Ausbildungsmisere hemmt Frankreichs Aufschwung

Paris (APA/Reuters) - Fachkräfte dringend gesucht: Dieser aus Deutschland bekannte Hilferuf ist auch im wirtschaftlich wiedererstarkten Frankreich immer häufiger zu hören. Beim Maschinenbauer Thimonnier nahe Lyon etwa füllen sich die Auftragsbücher so schnell, dass Chefin Sylvie Guinard mit dem Einstellen von Personal nicht mehr nachkommt.

Monatelang schrieb sie zehn Stellen für Ingenieure und Techniker in ihrem Familienbetrieb aus - noch immer sind zwei vakant. "Und auch bei meinen Zulieferern herrscht akuter Personalmangel", klagt Guinard. "Das bringt meine Aufträge durcheinander."

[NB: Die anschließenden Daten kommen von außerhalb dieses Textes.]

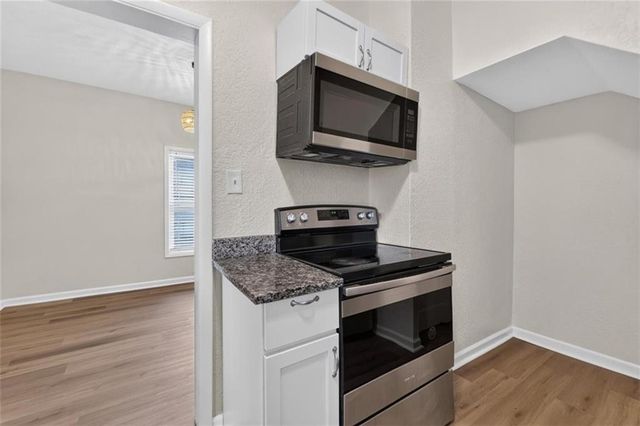 433 OAKLEY Avenue, Kansas City, MO 64123
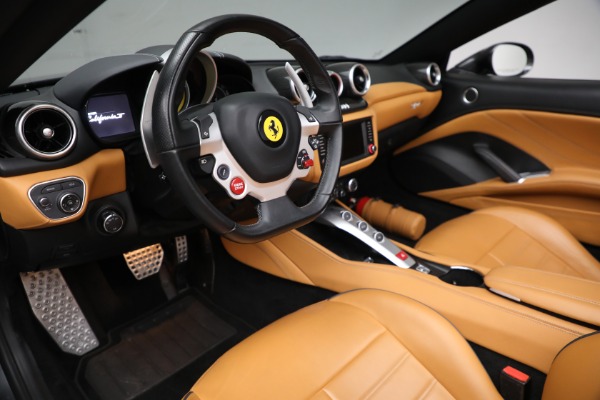 Used 2015 Ferrari California T for sale Sold at Pagani of Greenwich in Greenwich CT 06830 19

Dies scheint paradox in einem Land, in dem noch immer Millionen Menschen auf Jobsuche sind und die Arbeitslosenquote seit sechs Jahren nicht mehr unter die Marke von neun Prozent gefallen ist. Anders als in Deutschland haben jedoch in Frankreich Lehre und Berufsschulausbildung keinen besonders hohen gesellschaftlichen Stellenwert. Kein Wunder also, dass Fachkräfte allerorten fehlen - insbesondere in der Industrie. Die Regierung von Präsident Emmanuel Macron will gegensteuern und mit Reformen der Berufsausbildung für Besserung sorgen. Doch Experten warnen, dass diese zu spät kommen dürften, um die akuten Probleme zu lindern: "Das sind Antworten, die auf mittlere Sicht angelegt sind. Aber die Firmen müssen jetzt einstellen", betont Ökonom Alexandre Vincent vom Forschungsinstitut COE-Rexecode.

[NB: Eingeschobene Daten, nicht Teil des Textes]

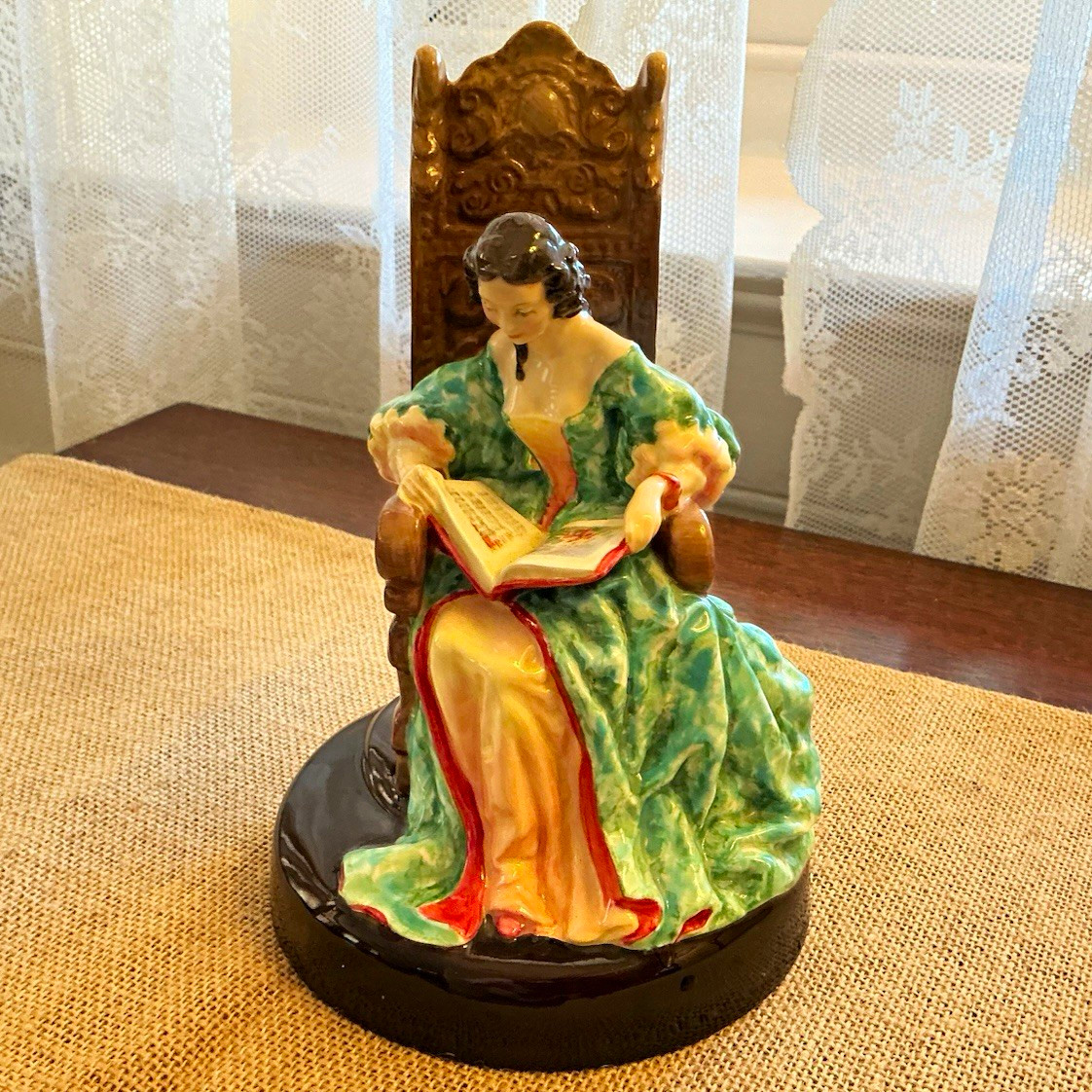 Royal Doulton The Leisure Hour Bone China Figurine HN2085 7\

Die Zentralbank in Paris geht davon aus, dass sich das Fachkräfteproblem als massive Wachstumsbremse für Frankreich erweisen wird. Falls sich die Lage nicht bald ändere, werde die Wirtschaft ansonsten kaum stärker zulegen als im vorigen Jahr. Damals stieg das Bruttoinlandsprodukt um 1,9 Prozent. Auch der Internationale Währungsfonds warnt: Falls die Ausbildungsmisere nicht rasch angegangen wird, dürfte die Arbeitslosenquote wohl kaum unter acht Prozent sinken.

Insbesondere im Maschinenbau und in der Informationstechnologie suchen die Firmen von Lille im Norden bis Toulouse im Süden händeringend nach Fachpersonal. Auch am Bau fehlt es an gut ausgebildeten Mitarbeitern. Ökonom Vincent von COE-Rexecode verweist vor allem auf die im internationalen Vergleich hohe Zahl von ungelernten Kräften: "Ein Teil der Bevölkerung ist unübersehbar vom Arbeitsmarkt ausgeschlossen."

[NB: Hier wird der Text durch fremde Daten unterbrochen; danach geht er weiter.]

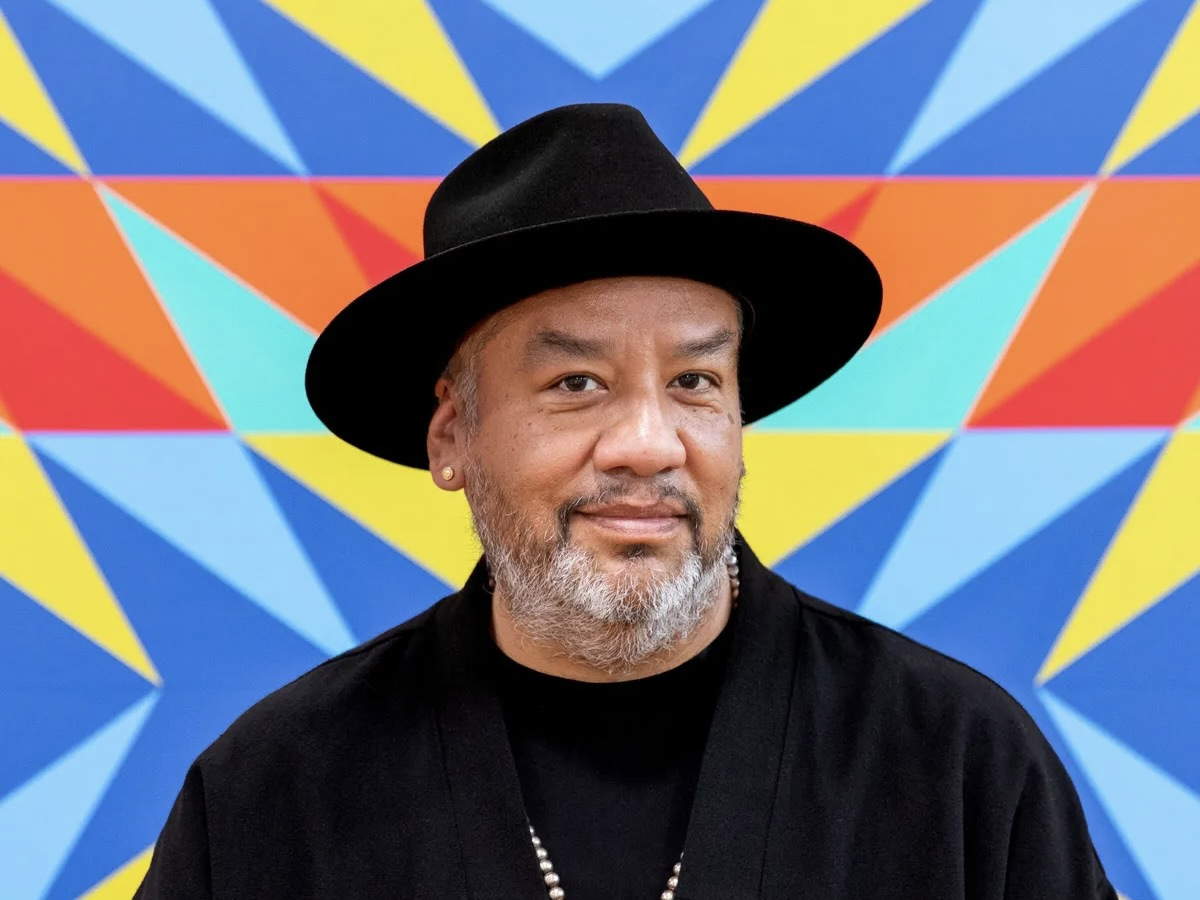 El artista cherokee Jeffrey Gibson creará nuevas esculturas para la fachada histórica del Metropolitan Museum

Präsident Macron will nun dafür sorgen, dass mehr Franzosen über den bisher eher verpönten Weg einer Lehre den Start ins Berufsleben schaffen. Dazu soll auch die Altersgrenze von 26 auf 30 Jahre angehoben werden, bis zu der junge Menschen für eine solche Ausbildung in Frage kommen. Außerdem sollen sie nach dem Willen der Regierung monatlich künftig 30 Euro mehr in der Tasche haben. Zudem verspricht der von Ministerpräsident Edouard Philippe jüngst skizzierte Entwurf Unternehmern und Gewerkschaften mehr Mitsprache bei der Ausgestaltung der Ausbildung an den oft schlecht besuchten regionalen Berufsschulzentren, für die bis jetzt weitgehend Beamte des fernen Bildungsministeriums in Paris zuständig waren.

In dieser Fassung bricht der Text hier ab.